TASK ITEM ::
Below are records; copy every line in them that holds the word "solvent".

[Brief descriptive captions]
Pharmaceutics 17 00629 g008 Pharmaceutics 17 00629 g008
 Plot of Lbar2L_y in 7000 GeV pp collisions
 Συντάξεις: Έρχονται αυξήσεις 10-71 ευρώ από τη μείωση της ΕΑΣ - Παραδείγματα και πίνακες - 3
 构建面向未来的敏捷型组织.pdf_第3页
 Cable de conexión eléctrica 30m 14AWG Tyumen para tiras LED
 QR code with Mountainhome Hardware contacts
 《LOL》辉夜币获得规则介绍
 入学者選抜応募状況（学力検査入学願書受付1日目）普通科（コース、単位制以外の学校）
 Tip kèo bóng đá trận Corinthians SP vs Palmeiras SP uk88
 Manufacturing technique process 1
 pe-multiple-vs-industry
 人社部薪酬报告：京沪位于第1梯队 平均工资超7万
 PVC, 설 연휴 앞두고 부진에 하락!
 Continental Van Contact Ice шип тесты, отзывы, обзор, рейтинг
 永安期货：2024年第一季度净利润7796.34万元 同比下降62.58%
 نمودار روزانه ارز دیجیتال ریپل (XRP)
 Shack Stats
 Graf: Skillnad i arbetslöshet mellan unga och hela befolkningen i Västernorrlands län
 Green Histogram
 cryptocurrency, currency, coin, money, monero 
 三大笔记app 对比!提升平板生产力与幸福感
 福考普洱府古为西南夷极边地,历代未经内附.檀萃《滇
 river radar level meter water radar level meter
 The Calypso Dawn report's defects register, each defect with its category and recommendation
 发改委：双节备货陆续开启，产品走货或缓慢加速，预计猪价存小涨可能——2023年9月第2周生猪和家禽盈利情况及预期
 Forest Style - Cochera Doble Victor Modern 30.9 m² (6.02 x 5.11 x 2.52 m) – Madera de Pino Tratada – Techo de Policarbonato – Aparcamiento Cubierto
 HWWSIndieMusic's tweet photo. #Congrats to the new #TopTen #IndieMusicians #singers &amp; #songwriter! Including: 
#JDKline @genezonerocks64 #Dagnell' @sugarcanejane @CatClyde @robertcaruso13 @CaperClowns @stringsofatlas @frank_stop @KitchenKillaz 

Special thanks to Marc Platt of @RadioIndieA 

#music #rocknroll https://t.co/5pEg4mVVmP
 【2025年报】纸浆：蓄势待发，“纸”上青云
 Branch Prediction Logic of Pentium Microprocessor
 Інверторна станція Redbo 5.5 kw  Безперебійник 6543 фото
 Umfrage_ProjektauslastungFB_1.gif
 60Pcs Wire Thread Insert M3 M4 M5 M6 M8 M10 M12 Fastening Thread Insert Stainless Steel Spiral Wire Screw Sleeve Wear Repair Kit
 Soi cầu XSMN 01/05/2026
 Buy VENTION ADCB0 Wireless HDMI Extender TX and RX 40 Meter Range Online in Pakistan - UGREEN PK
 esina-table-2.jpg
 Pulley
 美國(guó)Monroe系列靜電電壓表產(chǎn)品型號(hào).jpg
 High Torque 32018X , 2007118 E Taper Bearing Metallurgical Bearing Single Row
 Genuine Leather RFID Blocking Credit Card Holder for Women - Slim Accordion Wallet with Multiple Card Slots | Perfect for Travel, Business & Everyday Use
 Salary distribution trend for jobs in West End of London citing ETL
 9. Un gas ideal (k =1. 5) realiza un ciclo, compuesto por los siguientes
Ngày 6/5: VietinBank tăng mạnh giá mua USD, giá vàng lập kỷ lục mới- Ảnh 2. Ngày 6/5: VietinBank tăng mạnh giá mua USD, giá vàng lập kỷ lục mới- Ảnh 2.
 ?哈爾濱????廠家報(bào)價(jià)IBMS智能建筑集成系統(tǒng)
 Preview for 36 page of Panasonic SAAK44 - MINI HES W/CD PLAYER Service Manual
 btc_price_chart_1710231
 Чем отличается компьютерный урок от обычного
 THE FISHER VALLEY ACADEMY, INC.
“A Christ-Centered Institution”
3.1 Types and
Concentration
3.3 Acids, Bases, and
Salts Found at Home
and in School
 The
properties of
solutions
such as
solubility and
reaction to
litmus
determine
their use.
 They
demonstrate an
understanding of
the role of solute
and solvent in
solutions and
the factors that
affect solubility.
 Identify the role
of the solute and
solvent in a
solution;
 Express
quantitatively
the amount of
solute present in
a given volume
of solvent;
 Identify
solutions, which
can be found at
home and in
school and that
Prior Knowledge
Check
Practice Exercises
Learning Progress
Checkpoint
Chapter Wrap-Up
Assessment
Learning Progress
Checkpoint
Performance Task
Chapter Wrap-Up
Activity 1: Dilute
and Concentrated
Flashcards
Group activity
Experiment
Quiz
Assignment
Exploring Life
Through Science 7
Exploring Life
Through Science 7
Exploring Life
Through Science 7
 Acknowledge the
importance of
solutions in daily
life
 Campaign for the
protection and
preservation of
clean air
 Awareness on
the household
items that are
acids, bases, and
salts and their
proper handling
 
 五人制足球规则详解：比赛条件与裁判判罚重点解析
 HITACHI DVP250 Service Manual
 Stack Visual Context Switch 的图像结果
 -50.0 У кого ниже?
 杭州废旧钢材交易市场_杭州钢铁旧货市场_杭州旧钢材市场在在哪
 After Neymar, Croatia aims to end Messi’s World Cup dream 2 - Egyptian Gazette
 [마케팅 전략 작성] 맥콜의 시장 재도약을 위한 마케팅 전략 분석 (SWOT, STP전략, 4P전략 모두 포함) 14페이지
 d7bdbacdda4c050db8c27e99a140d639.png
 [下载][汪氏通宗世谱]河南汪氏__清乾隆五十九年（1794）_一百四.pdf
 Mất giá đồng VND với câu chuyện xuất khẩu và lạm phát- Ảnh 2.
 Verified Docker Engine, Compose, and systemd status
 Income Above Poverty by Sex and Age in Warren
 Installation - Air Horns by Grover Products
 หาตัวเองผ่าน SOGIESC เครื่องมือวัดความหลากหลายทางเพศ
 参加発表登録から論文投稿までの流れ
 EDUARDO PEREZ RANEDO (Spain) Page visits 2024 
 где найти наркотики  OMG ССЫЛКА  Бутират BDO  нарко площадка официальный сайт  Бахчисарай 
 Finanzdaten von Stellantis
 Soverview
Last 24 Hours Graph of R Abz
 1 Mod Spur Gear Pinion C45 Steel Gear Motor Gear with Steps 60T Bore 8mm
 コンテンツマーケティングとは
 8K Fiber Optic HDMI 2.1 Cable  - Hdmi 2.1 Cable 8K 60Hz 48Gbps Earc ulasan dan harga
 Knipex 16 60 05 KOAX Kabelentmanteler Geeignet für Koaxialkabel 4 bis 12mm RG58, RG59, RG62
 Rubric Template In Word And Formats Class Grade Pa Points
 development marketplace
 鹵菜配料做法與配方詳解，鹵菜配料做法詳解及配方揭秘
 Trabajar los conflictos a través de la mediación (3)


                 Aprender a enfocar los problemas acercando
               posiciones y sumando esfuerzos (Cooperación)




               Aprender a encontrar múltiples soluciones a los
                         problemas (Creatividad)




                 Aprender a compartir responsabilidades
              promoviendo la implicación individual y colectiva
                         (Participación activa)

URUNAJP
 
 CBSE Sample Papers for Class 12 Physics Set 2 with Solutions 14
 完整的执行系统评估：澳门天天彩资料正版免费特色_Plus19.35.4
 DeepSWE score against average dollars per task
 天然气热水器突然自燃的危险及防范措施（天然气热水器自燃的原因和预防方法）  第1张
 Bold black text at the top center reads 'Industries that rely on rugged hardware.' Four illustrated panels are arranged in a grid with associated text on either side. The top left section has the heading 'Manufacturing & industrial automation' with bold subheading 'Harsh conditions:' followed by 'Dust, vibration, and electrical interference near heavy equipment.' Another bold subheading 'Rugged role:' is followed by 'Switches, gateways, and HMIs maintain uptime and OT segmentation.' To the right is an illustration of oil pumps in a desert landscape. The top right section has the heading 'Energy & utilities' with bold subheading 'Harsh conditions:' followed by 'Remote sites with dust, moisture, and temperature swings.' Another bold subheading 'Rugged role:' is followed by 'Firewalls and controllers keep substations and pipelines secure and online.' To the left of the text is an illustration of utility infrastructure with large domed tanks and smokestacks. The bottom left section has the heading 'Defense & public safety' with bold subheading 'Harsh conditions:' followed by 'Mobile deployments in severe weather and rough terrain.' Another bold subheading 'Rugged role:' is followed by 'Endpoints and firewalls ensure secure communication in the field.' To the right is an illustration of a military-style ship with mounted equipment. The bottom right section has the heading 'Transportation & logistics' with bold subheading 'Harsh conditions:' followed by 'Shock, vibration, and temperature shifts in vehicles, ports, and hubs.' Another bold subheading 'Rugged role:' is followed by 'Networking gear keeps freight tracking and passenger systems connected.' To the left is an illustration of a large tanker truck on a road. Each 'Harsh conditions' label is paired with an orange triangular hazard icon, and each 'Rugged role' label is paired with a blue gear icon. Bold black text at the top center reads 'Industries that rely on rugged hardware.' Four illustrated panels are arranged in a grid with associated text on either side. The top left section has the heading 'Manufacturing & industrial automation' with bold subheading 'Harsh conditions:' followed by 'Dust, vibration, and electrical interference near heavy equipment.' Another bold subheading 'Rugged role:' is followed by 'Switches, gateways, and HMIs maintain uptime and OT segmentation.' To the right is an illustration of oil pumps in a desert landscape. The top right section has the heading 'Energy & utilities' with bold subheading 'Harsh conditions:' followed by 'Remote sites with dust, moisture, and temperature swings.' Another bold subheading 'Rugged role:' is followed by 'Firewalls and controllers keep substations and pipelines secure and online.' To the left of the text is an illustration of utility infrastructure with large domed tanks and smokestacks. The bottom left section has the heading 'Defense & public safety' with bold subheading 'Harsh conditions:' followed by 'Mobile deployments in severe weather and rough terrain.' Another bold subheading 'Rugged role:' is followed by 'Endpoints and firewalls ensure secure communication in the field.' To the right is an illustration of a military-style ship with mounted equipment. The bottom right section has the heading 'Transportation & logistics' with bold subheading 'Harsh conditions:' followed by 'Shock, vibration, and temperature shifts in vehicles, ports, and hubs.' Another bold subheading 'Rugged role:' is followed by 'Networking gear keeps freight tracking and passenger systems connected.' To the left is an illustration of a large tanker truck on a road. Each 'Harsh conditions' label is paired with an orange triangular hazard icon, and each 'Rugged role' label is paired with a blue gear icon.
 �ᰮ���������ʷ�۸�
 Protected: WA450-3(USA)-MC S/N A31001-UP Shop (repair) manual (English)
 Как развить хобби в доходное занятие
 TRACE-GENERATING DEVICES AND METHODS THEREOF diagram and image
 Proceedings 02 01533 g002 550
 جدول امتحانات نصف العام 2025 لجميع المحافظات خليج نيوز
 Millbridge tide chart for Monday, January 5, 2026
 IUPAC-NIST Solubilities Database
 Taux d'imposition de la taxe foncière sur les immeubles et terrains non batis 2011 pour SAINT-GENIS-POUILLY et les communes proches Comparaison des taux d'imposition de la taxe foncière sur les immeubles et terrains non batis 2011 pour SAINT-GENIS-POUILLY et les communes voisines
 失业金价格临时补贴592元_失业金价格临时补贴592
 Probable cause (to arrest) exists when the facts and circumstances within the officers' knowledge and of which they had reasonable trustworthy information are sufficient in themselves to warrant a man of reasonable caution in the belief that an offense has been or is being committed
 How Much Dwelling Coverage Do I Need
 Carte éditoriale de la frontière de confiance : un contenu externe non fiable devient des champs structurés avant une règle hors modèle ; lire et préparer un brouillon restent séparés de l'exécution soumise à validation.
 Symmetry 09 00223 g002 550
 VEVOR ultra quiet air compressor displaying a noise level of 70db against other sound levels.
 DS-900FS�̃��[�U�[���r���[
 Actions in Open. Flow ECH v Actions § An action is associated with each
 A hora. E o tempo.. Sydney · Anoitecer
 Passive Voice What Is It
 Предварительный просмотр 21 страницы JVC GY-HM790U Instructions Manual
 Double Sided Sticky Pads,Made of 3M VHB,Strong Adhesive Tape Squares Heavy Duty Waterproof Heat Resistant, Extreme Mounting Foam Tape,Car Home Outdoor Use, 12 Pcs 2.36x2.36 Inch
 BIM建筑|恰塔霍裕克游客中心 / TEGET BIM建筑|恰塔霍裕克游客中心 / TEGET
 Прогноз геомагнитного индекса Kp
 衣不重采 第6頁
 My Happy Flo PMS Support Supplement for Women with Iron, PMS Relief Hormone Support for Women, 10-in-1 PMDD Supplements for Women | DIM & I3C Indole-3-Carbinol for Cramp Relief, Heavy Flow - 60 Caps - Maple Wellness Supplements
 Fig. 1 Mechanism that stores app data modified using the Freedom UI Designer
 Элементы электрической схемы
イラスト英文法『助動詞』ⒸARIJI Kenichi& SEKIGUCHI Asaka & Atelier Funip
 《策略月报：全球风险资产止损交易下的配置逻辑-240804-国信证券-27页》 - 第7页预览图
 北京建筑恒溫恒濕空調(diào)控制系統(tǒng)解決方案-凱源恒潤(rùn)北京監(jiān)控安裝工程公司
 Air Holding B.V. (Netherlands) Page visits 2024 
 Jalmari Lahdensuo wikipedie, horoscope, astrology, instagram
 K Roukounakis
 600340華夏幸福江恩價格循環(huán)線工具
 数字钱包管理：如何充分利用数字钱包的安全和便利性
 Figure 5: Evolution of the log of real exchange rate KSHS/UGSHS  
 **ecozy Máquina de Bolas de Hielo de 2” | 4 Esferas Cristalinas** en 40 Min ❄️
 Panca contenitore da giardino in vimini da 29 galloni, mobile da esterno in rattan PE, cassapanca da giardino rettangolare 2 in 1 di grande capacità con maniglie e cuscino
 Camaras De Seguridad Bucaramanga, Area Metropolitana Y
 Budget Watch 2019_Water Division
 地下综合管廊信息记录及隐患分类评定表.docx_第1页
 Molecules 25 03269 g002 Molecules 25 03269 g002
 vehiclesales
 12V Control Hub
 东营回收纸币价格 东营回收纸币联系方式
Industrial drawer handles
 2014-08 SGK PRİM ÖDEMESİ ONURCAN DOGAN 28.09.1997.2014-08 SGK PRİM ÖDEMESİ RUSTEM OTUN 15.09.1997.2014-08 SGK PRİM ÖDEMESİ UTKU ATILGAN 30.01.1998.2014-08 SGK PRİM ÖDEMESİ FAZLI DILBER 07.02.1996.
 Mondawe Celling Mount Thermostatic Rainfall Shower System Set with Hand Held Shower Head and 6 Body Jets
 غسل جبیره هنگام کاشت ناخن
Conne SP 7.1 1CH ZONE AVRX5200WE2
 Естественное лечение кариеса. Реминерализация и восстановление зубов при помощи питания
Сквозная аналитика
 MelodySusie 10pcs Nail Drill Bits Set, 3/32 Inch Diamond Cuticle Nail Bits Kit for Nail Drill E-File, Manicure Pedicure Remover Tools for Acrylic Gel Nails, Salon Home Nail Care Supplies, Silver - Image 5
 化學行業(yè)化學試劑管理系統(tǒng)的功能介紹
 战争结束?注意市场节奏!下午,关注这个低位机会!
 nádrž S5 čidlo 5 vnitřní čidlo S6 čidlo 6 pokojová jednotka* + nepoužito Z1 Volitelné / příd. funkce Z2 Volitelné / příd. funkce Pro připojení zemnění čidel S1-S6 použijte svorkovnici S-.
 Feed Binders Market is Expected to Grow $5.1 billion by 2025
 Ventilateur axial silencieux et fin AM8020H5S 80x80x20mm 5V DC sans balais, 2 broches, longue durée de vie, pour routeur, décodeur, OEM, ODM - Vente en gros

COMPLETED EXERCISE ::
and solvent in
solvent in a
of solvent;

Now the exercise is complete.